Classifiying a set of Images into Classes
Asked Answered
A

4

11

I have the problem that I get a set of pictures and need to classify those.

The thing is, i do not really have any knowledge of these images. So i plan on using as many descriptors as I can find and then do a PCA on those to identify only the descriptors that are of use to me.

I can do supervised learning on a lot of datapoints, if that helps. However there is a chance that pictures are connected to each other. Meaning there could be a development from Image X to Image X+1, although I kinda hope this gets sorted out with the information in each Image.

My question are:

  1. How do i do this best when using Python? (I want to make a proof of concept first where speed is a non-issue). What libraries should i use?
  2. Are there examples already for an image Classification of such a kind?
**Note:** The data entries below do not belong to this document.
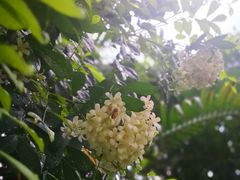 -深圳香格里拉酒店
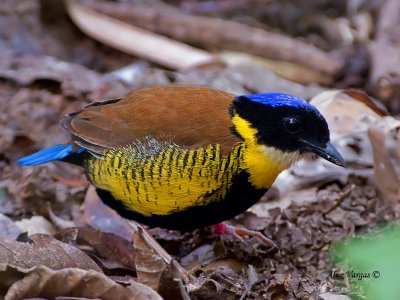 Gurneys Pitta - male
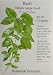 Large Leaf Italian Basil Heirloom Seeds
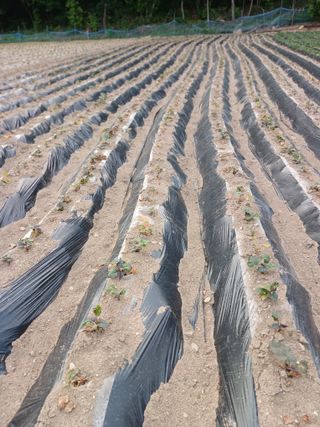 전국하님의 자유주제 · 자유게시판 작성글 사진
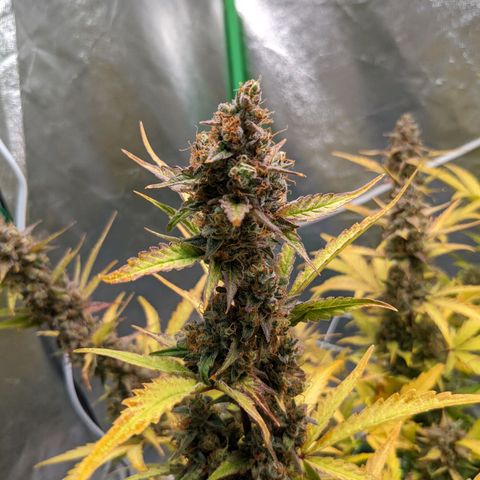 🧀  Canna Cheese growlog timeline photo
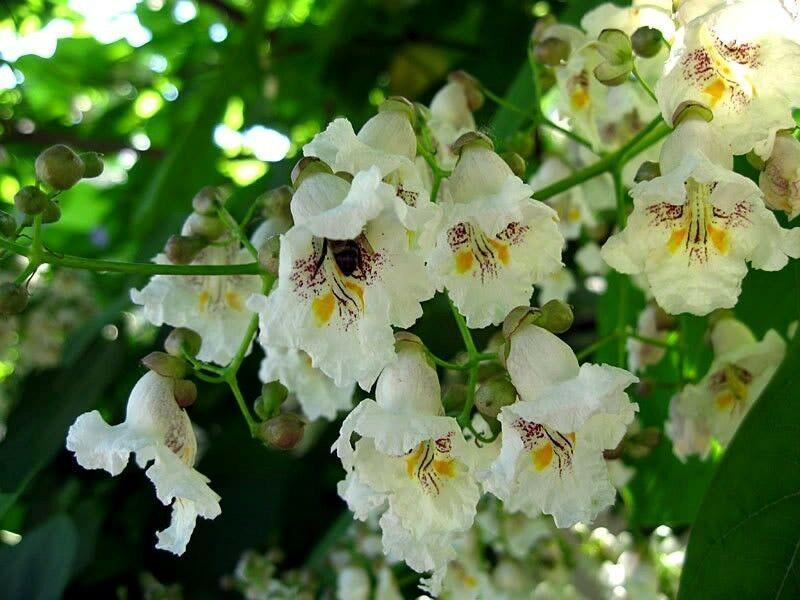 50 Northern Catalpa Tree (Catalpa Speciosa) Seeds - Seed World
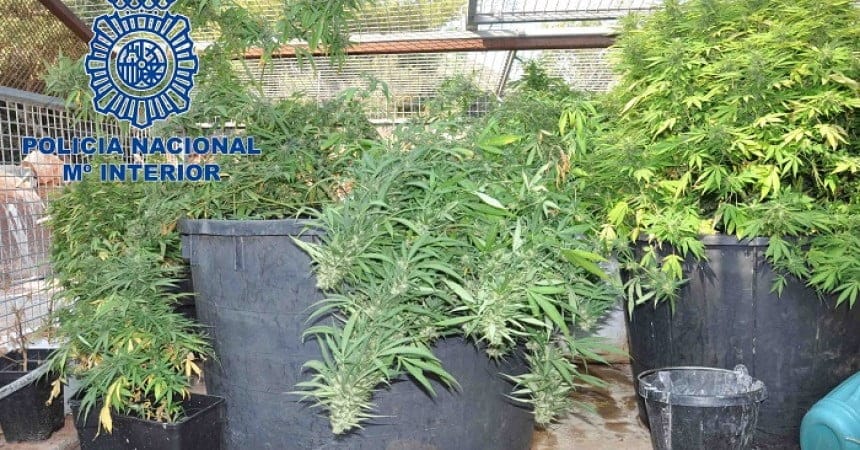 La Policía Nacional detiene en Dénia a un hombre por el cultivo de 500 plantas de marihuana 1 Plantación de marihuana en Dénia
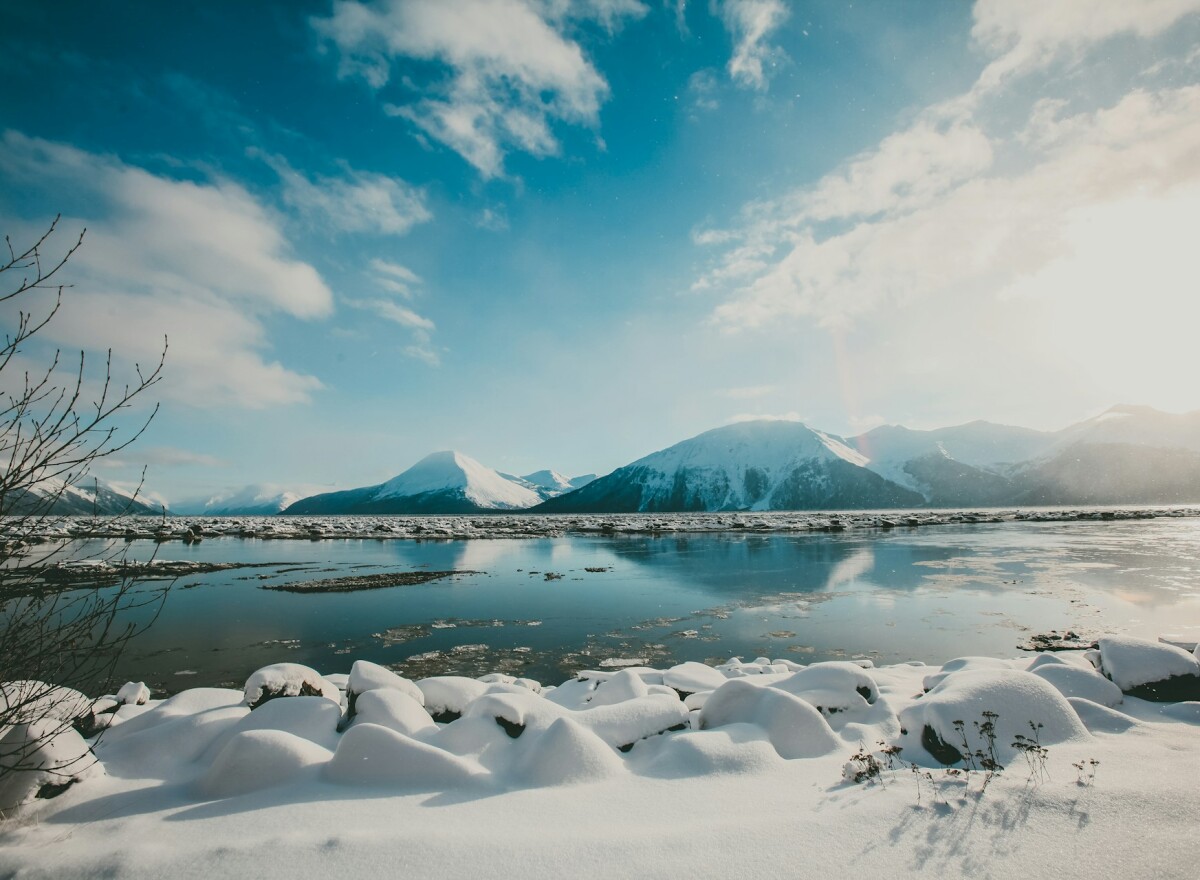 Featured article image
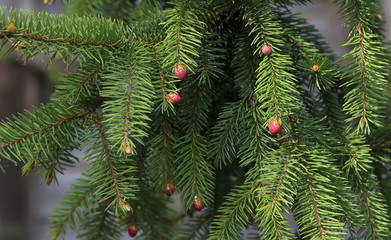 Young purple cone on the fir in the garden. The concept of landscape design.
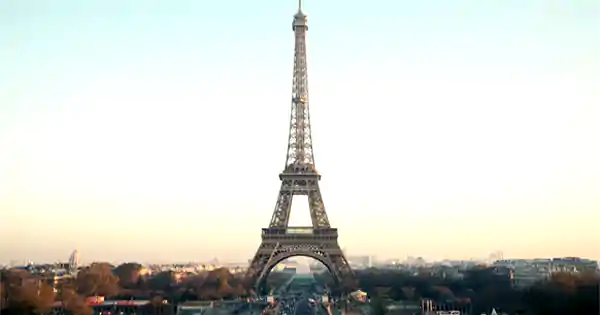 facts about french language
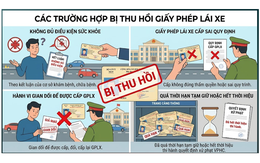 4 trường hợp bị thu hồi giấy phép lái xe, hàng triệu người cần chú ý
Example of using a bunch of descriptors and cooking them down via PCA? This part is kinda scary for me, to be honest. Although I think python should already do something like this for me.

Edit: I have found a neat kit that i am currently trying out for this: http://scikit-image.org/ There seem to be some descriptors in there. Is there a way to do automatic feature extraction and rank the features according to their descriptive power towards the target classification? PCA should be able to rank automatically.

Edit 2: I have my framework for the storage of the data now a bit more refined. I will be using the Fat system as a database. I will have one folder for each instance of a combination of classes. So if an image belongs to class 1 and 2, there will be a folder img12 that contains those images. This way i can better control the amount of data i have for each class.

Edit 3: I found an example of a libary (sklearn) for python that does some sort of what i want to do. it is about recognizing hand-written digits. I am trying to convert my dataset into something that i can use with this.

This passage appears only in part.